In the first quarter of 2015, the currency markets experienced major fluctuations as the Swiss National Bank removed the peg against the euro. With many economists predicting that Swiss jobs would come under the pressure, the Switzerland government allowed employers to extend working hours and pay to be cut, whilst at the same time being offered benefits by the Government which would help the employees that were effected. The theory behind the move from the Swiss Government was that a slight drop in pay or having to work an extra hour or two was far better than people losing their jobs and as the Swiss Franc is extremely strong, the cost of living is cheaper in Switzerland.
Three and a half years later, Switzerland unemployment rate has dropped 0.7% since the peg was removed to 2.7%, which is fantastic news for Switzerland. However, the Government have now announced as of the end of August they will be removing the measures put in place to help businesses keep their staff happy and the strength of the Swiss Franc cannot be used an excuse for low pay. Whilst Switzerland adapt I would expect jobs will be lost, and unemployment will rise back towards 3.5%. Consequently the start of quarter 3 could be tough for Swiss Franc sellers, nevertheless it’s important to understand the international labour market April figure suggested the average unemployment rate is 5.2%, which shows Switzerland would still be in a great position.
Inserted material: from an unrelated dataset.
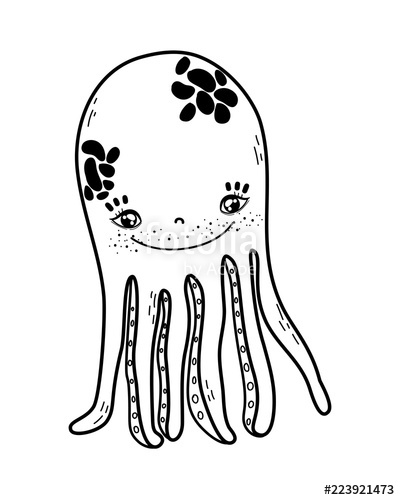 400x500 Outline Cute Octopus Tropical Sea Animal Stock Image And Royalty
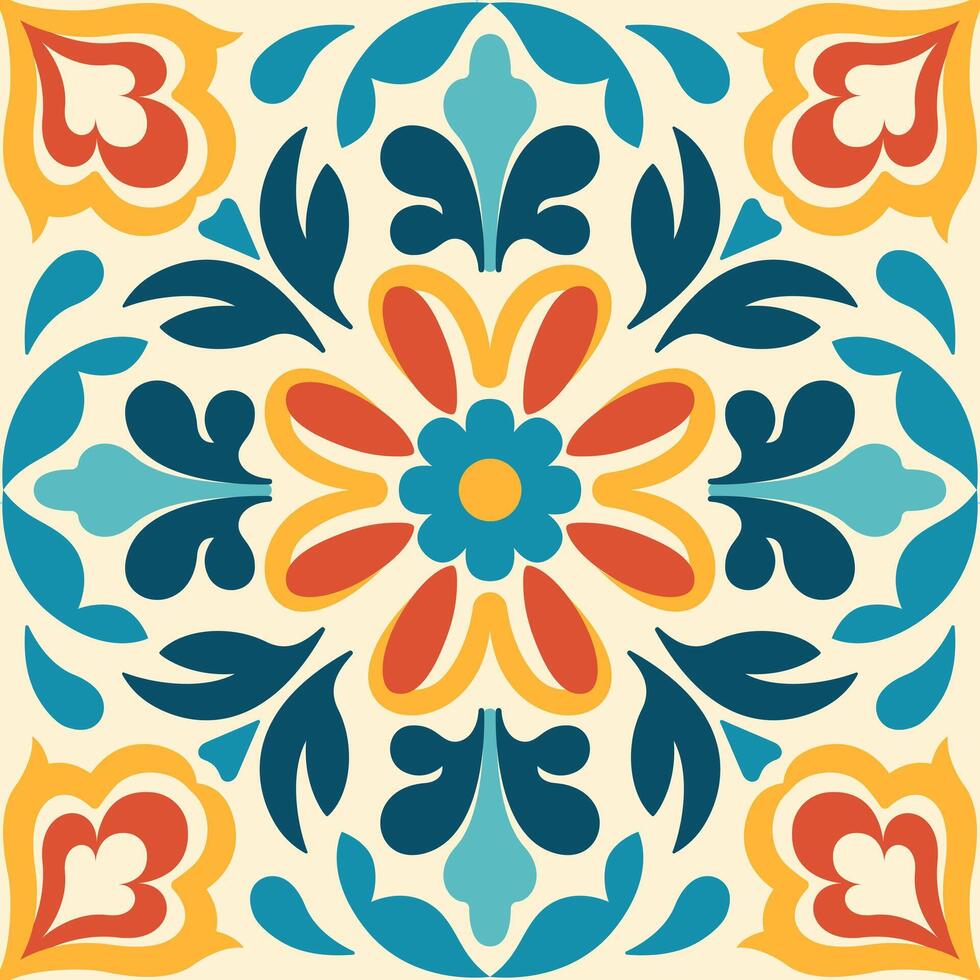 Mexican floral ornament with detailed flower and leaf patterns. Classic ceramic tiles. Vibrant shades of red, yellow, and green create a striking design. vector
In regards to CHFGBP exchange rates, I expect the Swiss Franc to make gains against sterling as this month I believe the pound will struggle due to the upcoming EU summit at the end of June. UK Prime Minister Theresa May is set to release a white paper in the upcoming weeks (before the summit) outlining the UKs position. My personal opinion is that no deal will be reached in regards to the Irish border which will lead to many UK politicians questioning the Prime Ministers position. For sterling buyers, waiting to the end of the month could pay the higher returns.